Things Hoped For (Andrew Clements)

In Things Not Seen, the prequel to Things Hoped For, a young adolescent boy (Bobby) suddenly, for no explainable reason, goes invisible. Eventually he returns to his normal self physically, but he is forever changed as a result of his time spent unseen.

Suddenly Bobby is 18 and now prefers being called Robert. His new friend Gwen has run into some massive trouble of her own. Her grandfather has suddenly vanished without a trace, and Gwen struggles with worrying about him and the pressure of her upcoming auditions for college music scholarships. She quickly learns that Robert is the best friend she can have when dealing with things not seen.

Another winner by Clements, but it's a bit more mature (not rated R or anything) than his previous works.

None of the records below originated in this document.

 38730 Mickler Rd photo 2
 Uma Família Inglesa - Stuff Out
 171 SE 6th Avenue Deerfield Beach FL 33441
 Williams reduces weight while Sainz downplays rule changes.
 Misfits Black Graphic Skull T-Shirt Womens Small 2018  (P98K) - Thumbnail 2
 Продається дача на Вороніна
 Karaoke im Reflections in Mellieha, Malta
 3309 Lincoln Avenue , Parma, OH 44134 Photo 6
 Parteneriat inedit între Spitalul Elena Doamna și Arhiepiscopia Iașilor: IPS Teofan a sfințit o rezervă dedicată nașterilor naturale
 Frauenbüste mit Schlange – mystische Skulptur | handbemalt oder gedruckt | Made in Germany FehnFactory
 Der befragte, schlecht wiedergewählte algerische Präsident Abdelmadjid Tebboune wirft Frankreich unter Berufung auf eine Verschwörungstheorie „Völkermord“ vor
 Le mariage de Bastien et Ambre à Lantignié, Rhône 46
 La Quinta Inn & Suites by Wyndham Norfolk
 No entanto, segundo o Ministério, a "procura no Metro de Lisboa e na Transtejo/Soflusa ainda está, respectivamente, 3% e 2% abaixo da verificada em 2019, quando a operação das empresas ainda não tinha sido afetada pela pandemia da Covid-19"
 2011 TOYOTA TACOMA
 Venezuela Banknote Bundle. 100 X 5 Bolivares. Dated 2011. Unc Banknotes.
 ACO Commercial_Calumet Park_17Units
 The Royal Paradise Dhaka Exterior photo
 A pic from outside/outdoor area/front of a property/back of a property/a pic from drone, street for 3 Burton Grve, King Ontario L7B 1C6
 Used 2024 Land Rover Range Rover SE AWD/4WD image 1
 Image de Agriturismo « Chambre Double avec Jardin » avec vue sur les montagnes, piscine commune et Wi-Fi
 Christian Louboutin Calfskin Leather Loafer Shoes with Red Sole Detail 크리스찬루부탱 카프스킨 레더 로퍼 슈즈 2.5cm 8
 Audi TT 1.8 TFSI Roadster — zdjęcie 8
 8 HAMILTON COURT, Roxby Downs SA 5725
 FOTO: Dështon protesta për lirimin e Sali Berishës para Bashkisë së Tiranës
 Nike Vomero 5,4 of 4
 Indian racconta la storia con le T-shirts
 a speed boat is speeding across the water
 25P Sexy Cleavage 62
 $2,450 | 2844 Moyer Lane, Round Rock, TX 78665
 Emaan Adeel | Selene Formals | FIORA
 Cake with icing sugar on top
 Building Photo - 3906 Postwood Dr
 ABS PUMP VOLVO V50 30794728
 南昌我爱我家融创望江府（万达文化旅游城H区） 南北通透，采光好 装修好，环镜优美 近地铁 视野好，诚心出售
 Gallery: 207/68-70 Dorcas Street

I Stink! (Kate and Jim McMullan)

The "stinky" main character in this book is the garbage truck, who explains what he does and why he is so important to people. The dialog is a bit choppy at times (some pages have only "Hopper's full. Hit the throttle. Give me some gas. Rev me to the max."), but it would be great for boys, and for teaching kids about the importance of sanitation crews in our society. At one point, he goes through the ABC's of the garbage he gets to eat, which is filled with boy humor. (D for dirty diapers, P for puppy poo)

Scarlette Beane (Karen Wallace)

Scarlette Beane is all about the vegetables.

Born to parents who love to garden, Scarlette has a face "red as a beet, and the ends of her fingers were green." She is constantly surrounded by carrots, parsley, tomatoes, beets, turnips, cucumbers, and onions. Even her baby mobile has veggies dangling from it!

Her mother tells her constantly that she will do something wonderful with her life. Sure enough, one day Scarlette wakes up and her garden has produced vegetables that are enormous enough to feed her whole town. She continues to grow giant veggies until she builds her parents a castle made of vegetables ("with turnip turrets, a drawbridge held by corncobs, and a cucumber tower on each corner") and her mother tells her that she knew all along that Scarlette was going to do something wonderful.

In this fast food nation we inhabit, it certainly is awesome to see a book about vegetables. When I watched Jamie Oliver's Food Revolution a few months ago, I was shocked that most children in that particular school district could not identify even the most basic vegetables. Scarlette Beane really does put a magical, positive spin on the world of vegetables. When I was reading this with my own child, her first comment after we closed the book was to ask for a there you have it!

Red: Seeing Red All Around Us (Sarah L. Schuette)

This is a very basic book all about the color red. Several red items are shown, with simple sentences describing the red items (ex: Red has flashing lights and horns. -sentence describing a red fire truck). also on each page is a more in-depth explanation of the red things.

2 cool facts from this book:
-Strawberries are the only fruit whose seeds grow on the outside.
-Licorice candy is actually made from the root of a licorice tree.

From Little Acorns...A First Look at the Life Cycle of a Tree (Sam Godwin)

In this brief book, two little squirrels help explain the basic concept of an acorn's development into a tree and the cycle of that tree producing more acorns.  It is fantastic for giving the first introduction to life cycles in general.

Interesting facts we learned from this book:
-It takes 30 years for an oak sapling to mature into an oak tree.
-It takes 40 years before the oak tree begins to produce acorns.
-The flowers on the oak tree, which produce the seeds, are called catkins.

At the conclusion of the book, the author once again provides a looped illustration of the life cycle of the oak tree, and also provides further resources for exploration on this topic. Great resource!